══ Records to use ══

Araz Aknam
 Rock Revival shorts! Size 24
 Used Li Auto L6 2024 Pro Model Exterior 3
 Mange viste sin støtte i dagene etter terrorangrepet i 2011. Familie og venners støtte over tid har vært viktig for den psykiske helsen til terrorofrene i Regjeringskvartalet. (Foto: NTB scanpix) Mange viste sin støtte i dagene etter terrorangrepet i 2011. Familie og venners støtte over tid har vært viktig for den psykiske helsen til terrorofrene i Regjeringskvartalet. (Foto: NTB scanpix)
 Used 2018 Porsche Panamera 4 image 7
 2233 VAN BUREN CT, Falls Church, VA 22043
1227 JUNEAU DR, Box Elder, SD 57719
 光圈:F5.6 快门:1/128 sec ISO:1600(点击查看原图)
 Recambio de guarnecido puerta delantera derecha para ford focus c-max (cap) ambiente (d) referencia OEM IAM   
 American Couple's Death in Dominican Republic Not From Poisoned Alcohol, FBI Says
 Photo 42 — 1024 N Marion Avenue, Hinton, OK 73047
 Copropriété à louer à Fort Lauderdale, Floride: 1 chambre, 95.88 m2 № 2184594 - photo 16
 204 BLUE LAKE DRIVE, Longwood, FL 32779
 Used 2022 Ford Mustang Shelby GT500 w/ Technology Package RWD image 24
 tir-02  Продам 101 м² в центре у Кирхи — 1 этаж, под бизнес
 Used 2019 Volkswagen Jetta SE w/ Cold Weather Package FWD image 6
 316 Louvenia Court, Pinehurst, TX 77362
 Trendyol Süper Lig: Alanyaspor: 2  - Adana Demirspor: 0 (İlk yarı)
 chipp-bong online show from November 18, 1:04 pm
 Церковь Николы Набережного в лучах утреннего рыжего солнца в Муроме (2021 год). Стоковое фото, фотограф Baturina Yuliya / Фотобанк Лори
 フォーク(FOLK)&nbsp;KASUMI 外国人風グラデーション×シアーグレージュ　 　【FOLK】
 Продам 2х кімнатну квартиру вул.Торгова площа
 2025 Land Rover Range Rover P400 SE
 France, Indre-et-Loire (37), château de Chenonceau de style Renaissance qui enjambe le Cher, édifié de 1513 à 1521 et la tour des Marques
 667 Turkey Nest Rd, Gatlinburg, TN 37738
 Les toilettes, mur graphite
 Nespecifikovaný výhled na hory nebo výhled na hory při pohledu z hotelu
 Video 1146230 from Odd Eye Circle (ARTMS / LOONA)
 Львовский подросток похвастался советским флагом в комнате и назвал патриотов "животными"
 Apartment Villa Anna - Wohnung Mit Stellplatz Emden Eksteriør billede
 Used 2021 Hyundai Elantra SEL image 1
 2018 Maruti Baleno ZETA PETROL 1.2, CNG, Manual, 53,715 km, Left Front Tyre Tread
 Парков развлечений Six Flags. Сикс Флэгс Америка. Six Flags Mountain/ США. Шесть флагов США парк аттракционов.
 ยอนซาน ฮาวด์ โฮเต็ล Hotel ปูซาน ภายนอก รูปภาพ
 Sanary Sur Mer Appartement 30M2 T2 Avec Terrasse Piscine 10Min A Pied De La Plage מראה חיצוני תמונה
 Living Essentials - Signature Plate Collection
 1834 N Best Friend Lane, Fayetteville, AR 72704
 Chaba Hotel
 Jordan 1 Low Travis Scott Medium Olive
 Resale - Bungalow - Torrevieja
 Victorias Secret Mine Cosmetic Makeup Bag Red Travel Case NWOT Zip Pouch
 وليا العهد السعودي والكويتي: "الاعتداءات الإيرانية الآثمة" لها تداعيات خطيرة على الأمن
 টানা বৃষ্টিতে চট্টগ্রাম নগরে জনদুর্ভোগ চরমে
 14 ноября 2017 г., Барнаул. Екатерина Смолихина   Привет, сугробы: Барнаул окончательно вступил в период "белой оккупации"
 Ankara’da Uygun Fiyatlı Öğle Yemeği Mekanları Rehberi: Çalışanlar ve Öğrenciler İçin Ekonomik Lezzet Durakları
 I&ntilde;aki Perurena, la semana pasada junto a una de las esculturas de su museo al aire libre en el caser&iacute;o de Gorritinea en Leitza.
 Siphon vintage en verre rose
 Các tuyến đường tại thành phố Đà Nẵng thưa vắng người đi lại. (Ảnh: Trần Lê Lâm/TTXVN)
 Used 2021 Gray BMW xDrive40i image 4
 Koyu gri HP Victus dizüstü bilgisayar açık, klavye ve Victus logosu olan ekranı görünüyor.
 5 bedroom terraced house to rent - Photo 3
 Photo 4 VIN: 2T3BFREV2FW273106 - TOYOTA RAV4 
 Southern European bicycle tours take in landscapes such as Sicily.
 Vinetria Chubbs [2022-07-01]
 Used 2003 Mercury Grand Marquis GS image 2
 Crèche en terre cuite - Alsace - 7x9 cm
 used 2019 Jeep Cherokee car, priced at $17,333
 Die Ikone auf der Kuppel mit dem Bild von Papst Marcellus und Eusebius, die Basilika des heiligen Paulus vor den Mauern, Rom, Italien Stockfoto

═══

> **Task to carry out**
Set down each entry again, exactly as written.

> **Solved problem**
Araz Aknam
 Rock Revival shorts! Size 24
 Used Li Auto L6 2024 Pro Model Exterior 3
 Mange viste sin støtte i dagene etter terrorangrepet i 2011. Familie og venners støtte over tid har vært viktig for den psykiske helsen til terrorofrene i Regjeringskvartalet. (Foto: NTB scanpix) Mange viste sin støtte i dagene etter terrorangrepet i 2011. Familie og venners støtte over tid har vært viktig for den psykiske helsen til terrorofrene i Regjeringskvartalet. (Foto: NTB scanpix)
 Used 2018 Porsche Panamera 4 image 7
 2233 VAN BUREN CT, Falls Church, VA 22043
1227 JUNEAU DR, Box Elder, SD 57719
 光圈:F5.6 快门:1/128 sec ISO:1600(点击查看原图)
 Recambio de guarnecido puerta delantera derecha para ford focus c-max (cap) ambiente (d) referencia OEM IAM   
 American Couple's Death in Dominican Republic Not From Poisoned Alcohol, FBI Says
 Photo 42 — 1024 N Marion Avenue, Hinton, OK 73047
 Copropriété à louer à Fort Lauderdale, Floride: 1 chambre, 95.88 m2 № 2184594 - photo 16
 204 BLUE LAKE DRIVE, Longwood, FL 32779
 Used 2022 Ford Mustang Shelby GT500 w/ Technology Package RWD image 24
 tir-02  Продам 101 м² в центре у Кирхи — 1 этаж, под бизнес
 Used 2019 Volkswagen Jetta SE w/ Cold Weather Package FWD image 6
 316 Louvenia Court, Pinehurst, TX 77362
 Trendyol Süper Lig: Alanyaspor: 2  - Adana Demirspor: 0 (İlk yarı)
 chipp-bong online show from November 18, 1:04 pm
 Церковь Николы Набережного в лучах утреннего рыжего солнца в Муроме (2021 год). Стоковое фото, фотограф Baturina Yuliya / Фотобанк Лори
 フォーク(FOLK)&nbsp;KASUMI 外国人風グラデーション×シアーグレージュ　 　【FOLK】
 Продам 2х кімнатну квартиру вул.Торгова площа
 2025 Land Rover Range Rover P400 SE
 France, Indre-et-Loire (37), château de Chenonceau de style Renaissance qui enjambe le Cher, édifié de 1513 à 1521 et la tour des Marques
 667 Turkey Nest Rd, Gatlinburg, TN 37738
 Les toilettes, mur graphite
 Nespecifikovaný výhled na hory nebo výhled na hory při pohledu z hotelu
 Video 1146230 from Odd Eye Circle (ARTMS / LOONA)
 Львовский подросток похвастался советским флагом в комнате и назвал патриотов "животными"
 Apartment Villa Anna - Wohnung Mit Stellplatz Emden Eksteriør billede
 Used 2021 Hyundai Elantra SEL image 1
 2018 Maruti Baleno ZETA PETROL 1.2, CNG, Manual, 53,715 km, Left Front Tyre Tread
 Парков развлечений Six Flags. Сикс Флэгс Америка. Six Flags Mountain/ США. Шесть флагов США парк аттракционов.
 ยอนซาน ฮาวด์ โฮเต็ล Hotel ปูซาน ภายนอก รูปภาพ
 Sanary Sur Mer Appartement 30M2 T2 Avec Terrasse Piscine 10Min A Pied De La Plage מראה חיצוני תמונה
 Living Essentials - Signature Plate Collection
 1834 N Best Friend Lane, Fayetteville, AR 72704
 Chaba Hotel
 Jordan 1 Low Travis Scott Medium Olive
 Resale - Bungalow - Torrevieja
 Victorias Secret Mine Cosmetic Makeup Bag Red Travel Case NWOT Zip Pouch
 وليا العهد السعودي والكويتي: "الاعتداءات الإيرانية الآثمة" لها تداعيات خطيرة على الأمن
 টানা বৃষ্টিতে চট্টগ্রাম নগরে জনদুর্ভোগ চরমে
 14 ноября 2017 г., Барнаул. Екатерина Смолихина   Привет, сугробы: Барнаул окончательно вступил в период "белой оккупации"
 Ankara’da Uygun Fiyatlı Öğle Yemeği Mekanları Rehberi: Çalışanlar ve Öğrenciler İçin Ekonomik Lezzet Durakları
 I&ntilde;aki Perurena, la semana pasada junto a una de las esculturas de su museo al aire libre en el caser&iacute;o de Gorritinea en Leitza.
 Siphon vintage en verre rose
 Các tuyến đường tại thành phố Đà Nẵng thưa vắng người đi lại. (Ảnh: Trần Lê Lâm/TTXVN)
 Used 2021 Gray BMW xDrive40i image 4
 Koyu gri HP Victus dizüstü bilgisayar açık, klavye ve Victus logosu olan ekranı görünüyor.
 5 bedroom terraced house to rent - Photo 3
 Photo 4 VIN: 2T3BFREV2FW273106 - TOYOTA RAV4 
 Southern European bicycle tours take in landscapes such as Sicily.
 Vinetria Chubbs [2022-07-01]
 Used 2003 Mercury Grand Marquis GS image 2
 Crèche en terre cuite - Alsace - 7x9 cm
 used 2019 Jeep Cherokee car, priced at $17,333
 Die Ikone auf der Kuppel mit dem Bild von Papst Marcellus und Eusebius, die Basilika des heiligen Paulus vor den Mauern, Rom, Italien Stockfoto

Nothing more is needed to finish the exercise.